When billionaire Jeff Yass and his wife Janine announced a new scholarship program for students affected by Philadelphia’s sweeping school closure plan, they moved quickly, writes Kristen A. Graham for The Philadelphia Inquirer.
The “Opportunity Knocks” scholarship began accepting applications just two weeks after the Board of Education adopted its controversial facilities master plan. The Bala Cynwyd Yasses, prominent school-choice advocates, weren’t waiting around.
The scholarships offer 500 students $8,000 annually to attend private schools in Philadelphia. Participating institutions have pledged to cover any tuition costs beyond that amount.
“There will be zero costs incurred for the families, full stop,” said Caroline Allen, director of the Yass Prize.
It sounds generous. And in some ways, it is. But the details complicate the picture.
Those 500 slots represent just over 10% of the students set to be displaced by the closures. No schools will actually close until 2027. The scholarships, meanwhile, kick in for the upcoming 2026–27 school year. This means that families are being asked to make a major decision now, well before the closures take effect.
The eligible schools are almost entirely Catholic institutions, with Liguori Academy in Kensington being the only exception.
Yass Prize officials initially declined to release the full list of participating schools publicly. They only disclosed it after a news outlet published its story.
“I have spent years working alongside families and educators who refuse to give up on children,” Janine Yass said. “These children impacted by the school closures deserve stability, a school that believes in them, and an opportunity to succeed with a quality education.”
Supporters see it exactly that way: a lifeline for vulnerable kids caught in the middle of a bureaucratic upheaval they didn’t ask for. Critics see something else entirely.
Lisa Haver is the founder of the Alliance for Philadelphia Public Schools. She called the move “dastardly,” arguing it exploits instability rather than addressing it.
Aly Shaw of the LittleSis Public Accountability Initiative went further. She called it “the disaster capitalism playbook exactly,” describing it as using a moment of crisis to advance a long-running push for school privatization.
The Yasses’ supporters counter that families shouldn’t have to wait for institutions to reform themselves.
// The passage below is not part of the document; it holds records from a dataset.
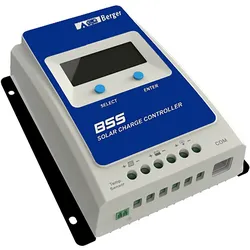 Berger Solar-Laderegler BSS0211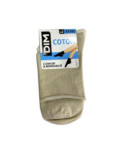 Lot 2 paires Chaussettes Coton lurex Non Comprimante Dim
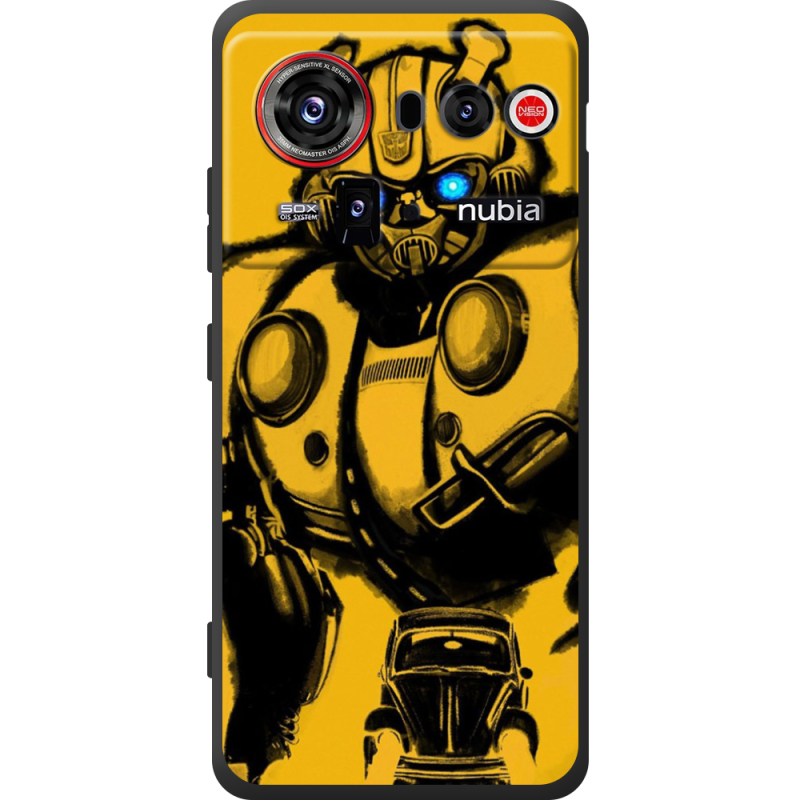 Чохол BoxFace Nubia Z80 Ultra 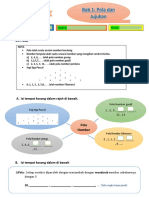 Latihan Matematik Tingkatan 2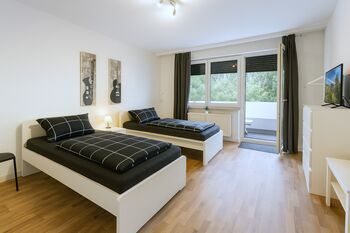 Ferienwohnung in Essen Bild 4
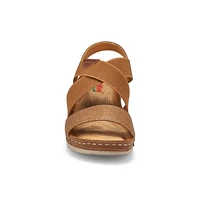 Women's Nina 91 Vegan Wedge Sandal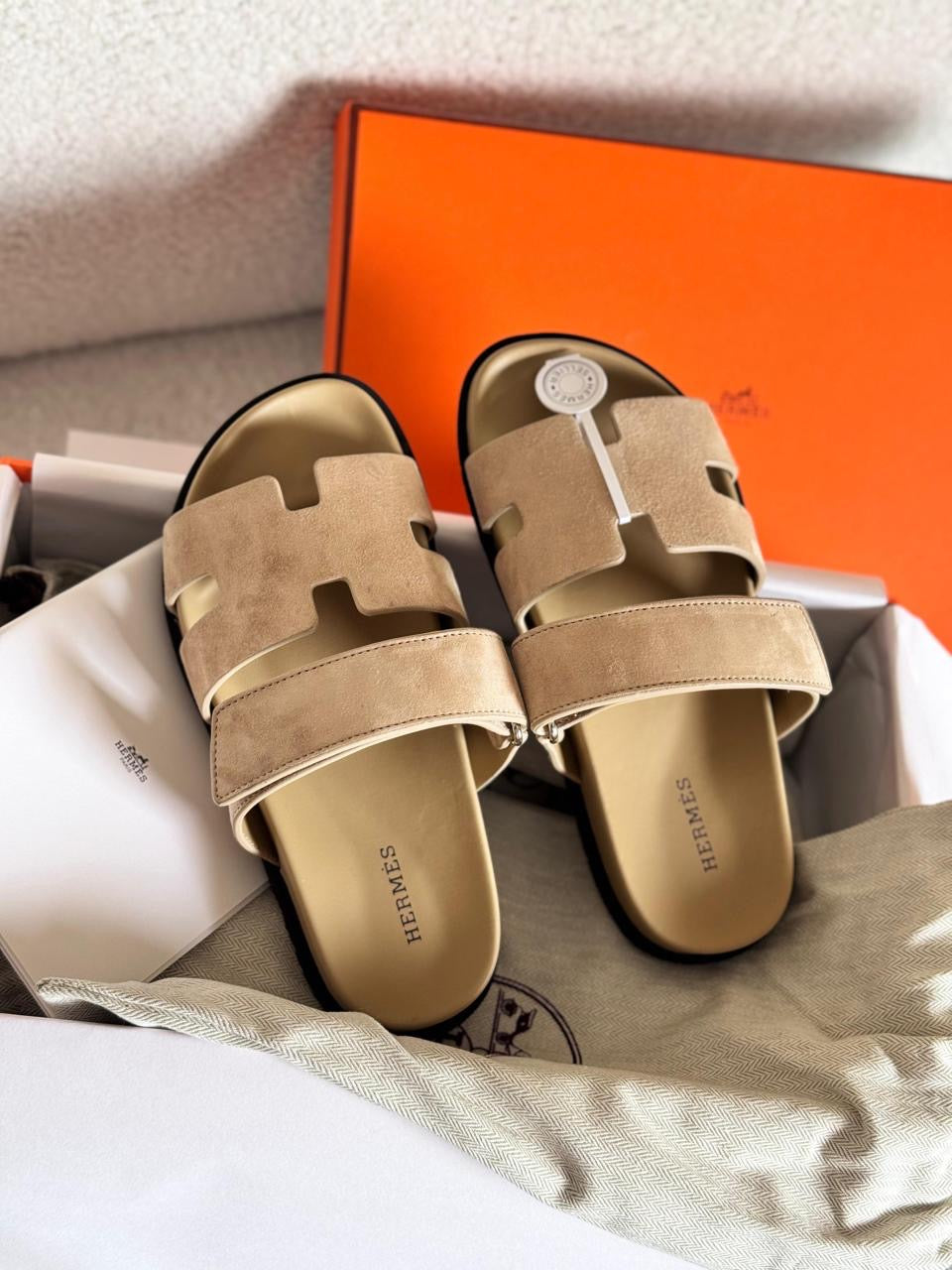 Hermes Slippers 7 colors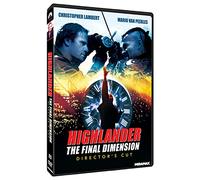 HIGHLANDER III: THE FINAL DIMENSION (DIRECTOR'S CUT)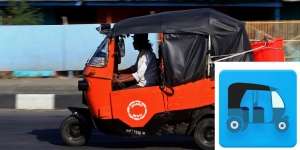 Setelah Ojek Modern, Kini Muncul `Bajaj App`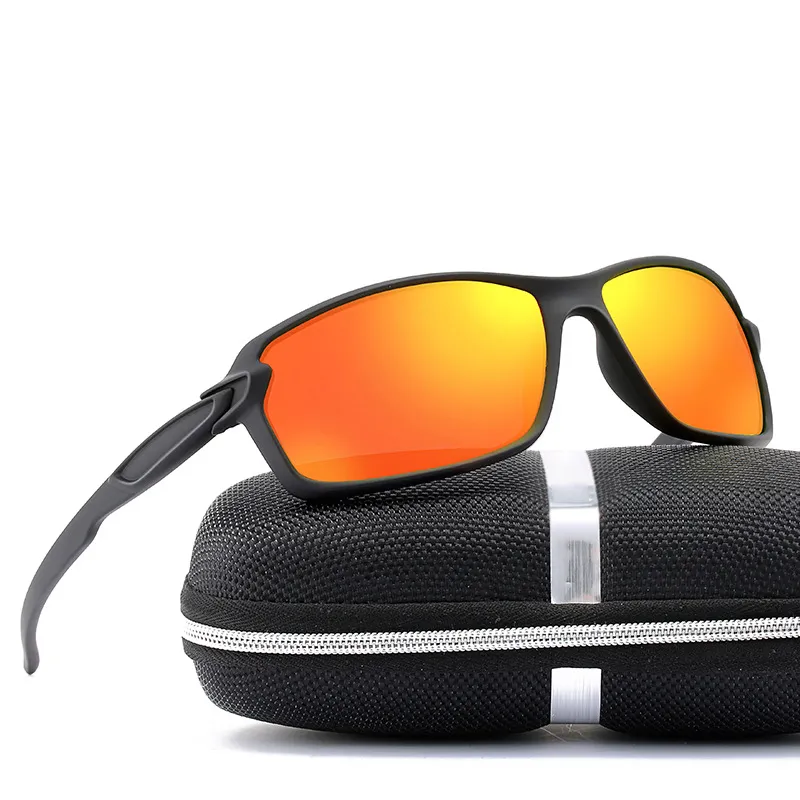 New Men Polarized Sunglasses Brand Designer Square Sports Sun Glasses Male  Driving Fishing Goggle UV400 Women Travel Eyewear - AliExpress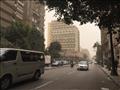 عاصفة ترابية تضرب القاهرة  (5)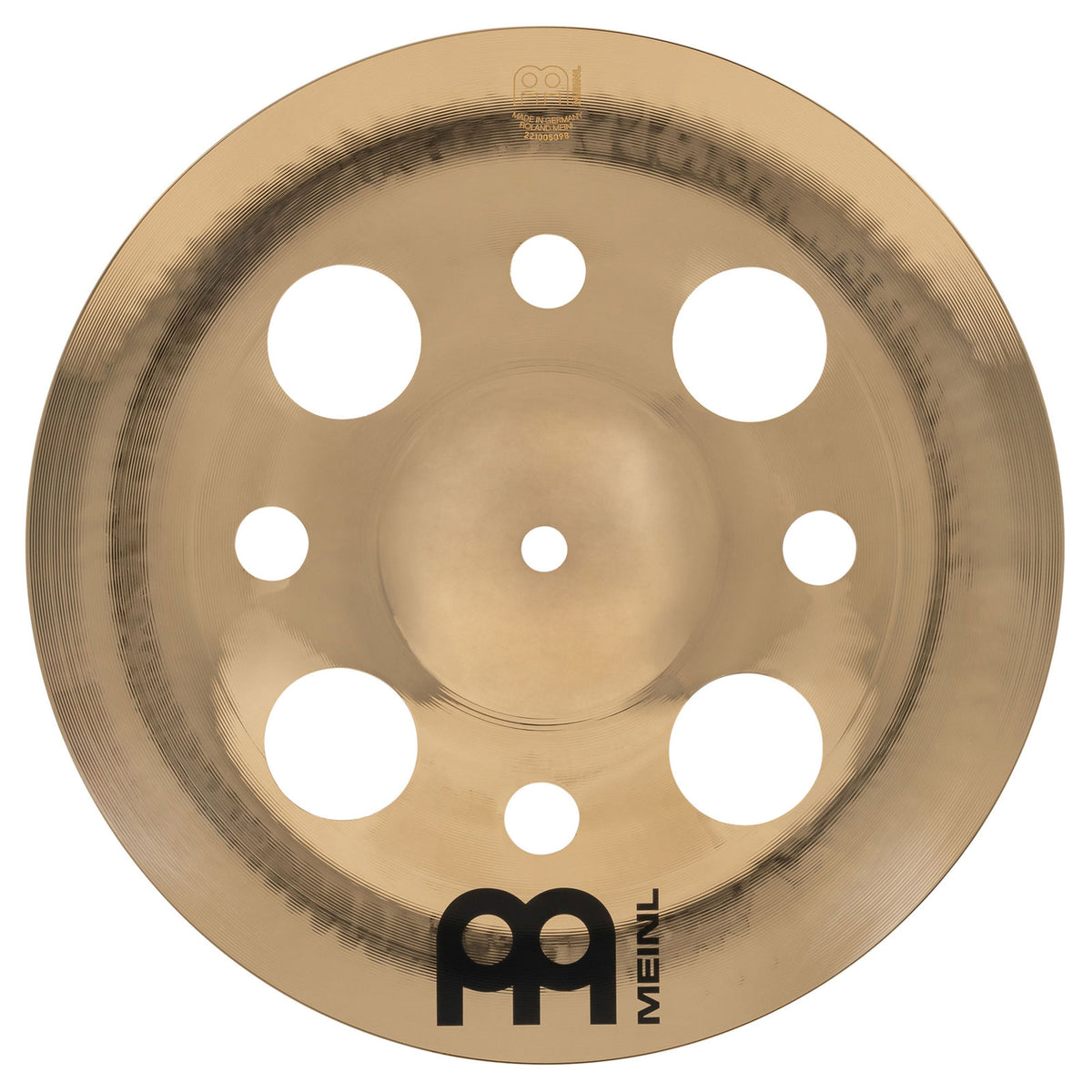 12" PURE ALLOY CUSTOM TRASH STACK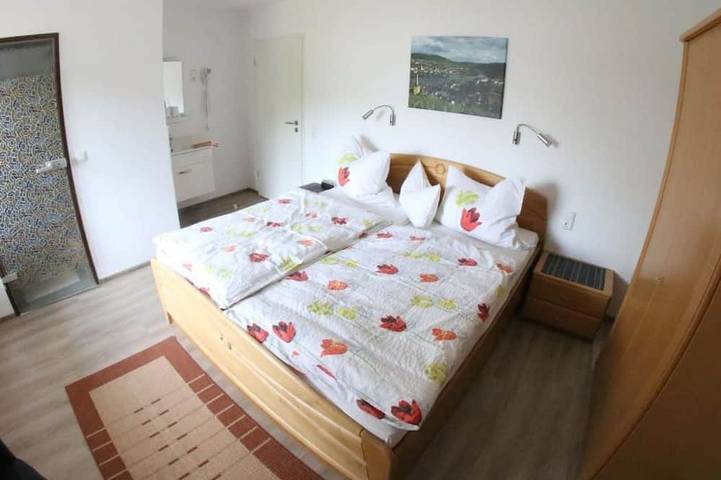 Ferienwohnung für 5 Personen, mit Garten, mit Haustier in Alf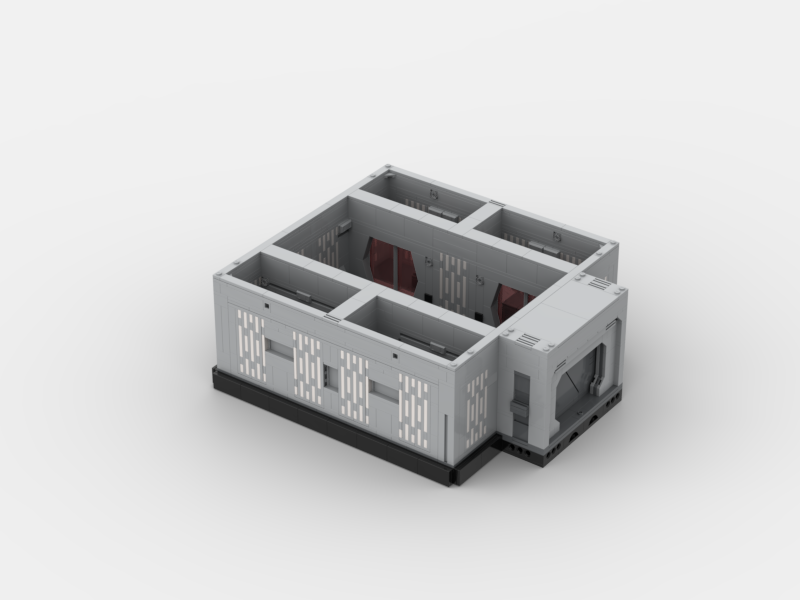 Brick_boss RCS DETENTION Room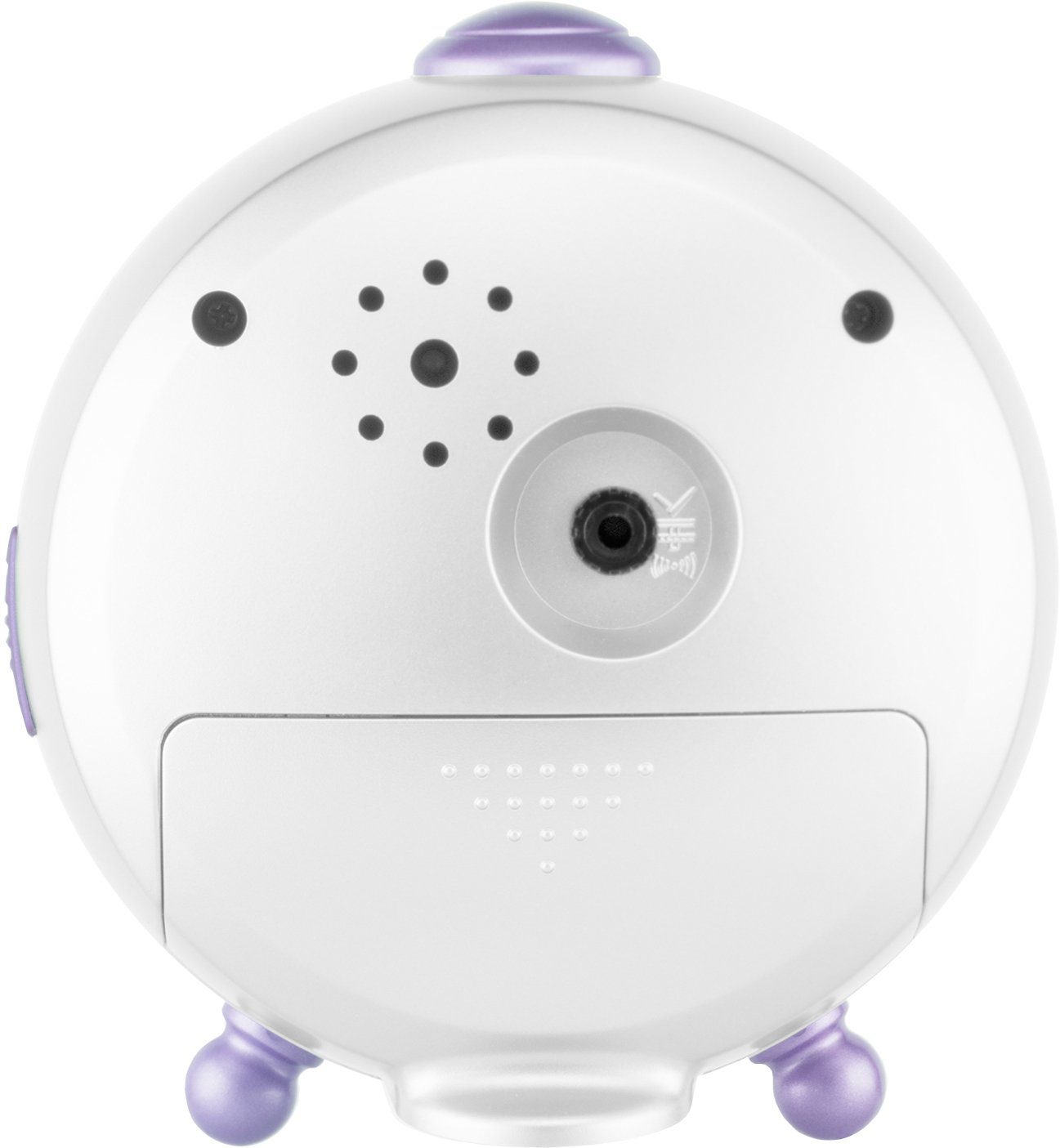 Atrium Quarzwecker A932-0 Kinderwecker,Geschenkidee,Mädchen,Kinderzimmer,Schulanfang,Geburtstag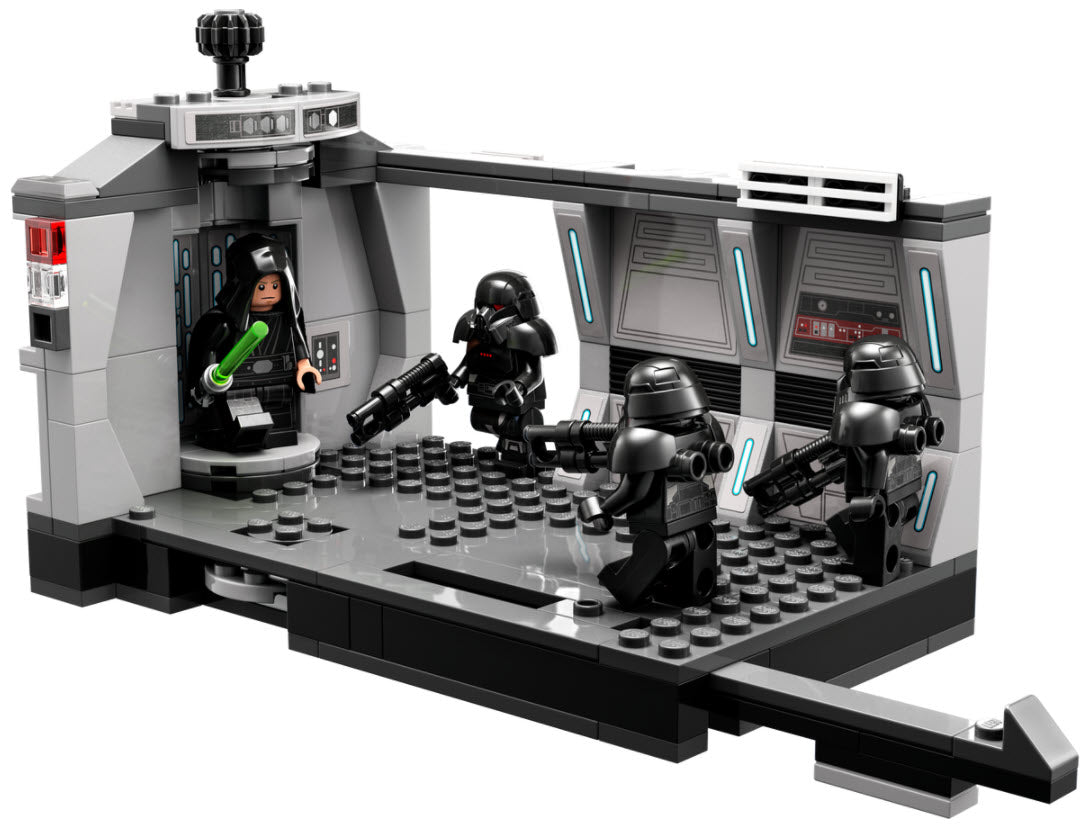 Inhalt: LEGO Star Wars 75324 Angriff der Dark Trooper
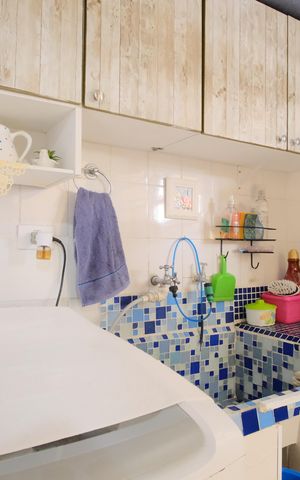 Casa à venda com 139m², 4 quartos e 2 vagasÁrea de Serviço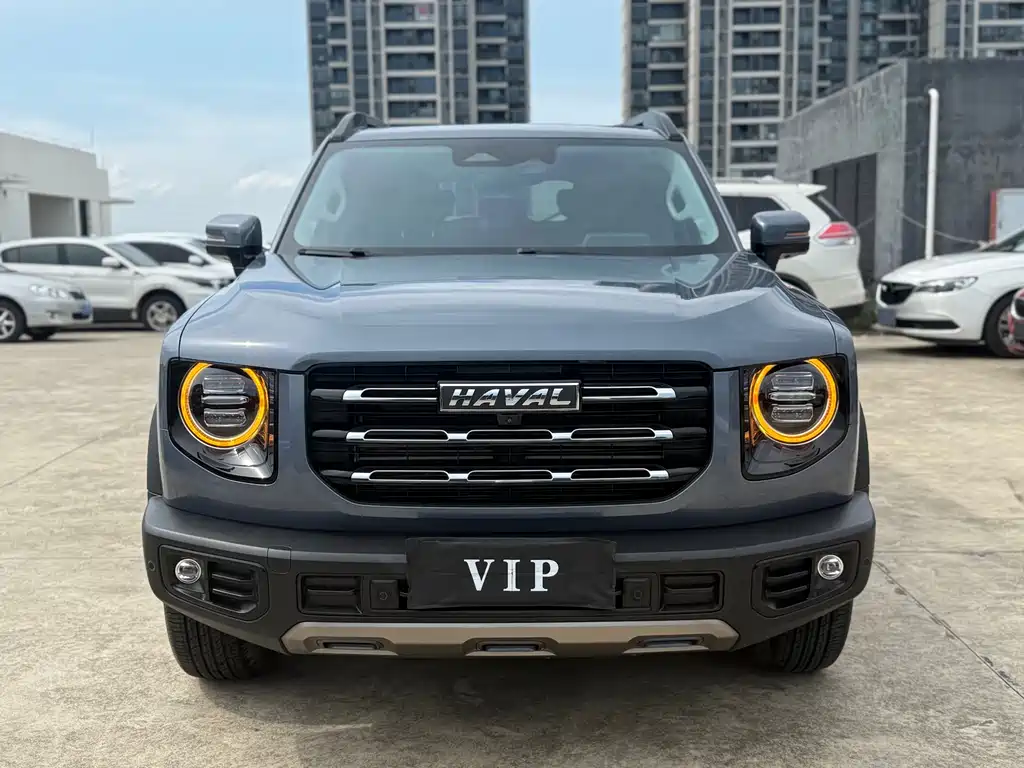 Haval Dargo 2021 1.5T DCT
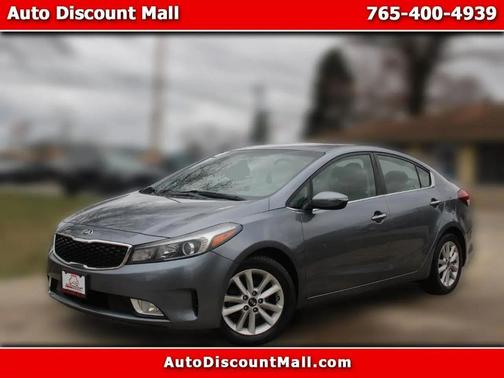 2017 Kia Forte S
They say that real choice means having options now, not someday. “The most important thing is giving families and students more options,” Allen said. “They shouldn’t have to wait for their school to close or be reassigned to another school that might not work for their student.”
That tension, between rebuilding public systems from within and empowering families to leave them, is at the heart of one of education policy’s most enduring debates. Philadelphia, it seems, has just become its latest battleground.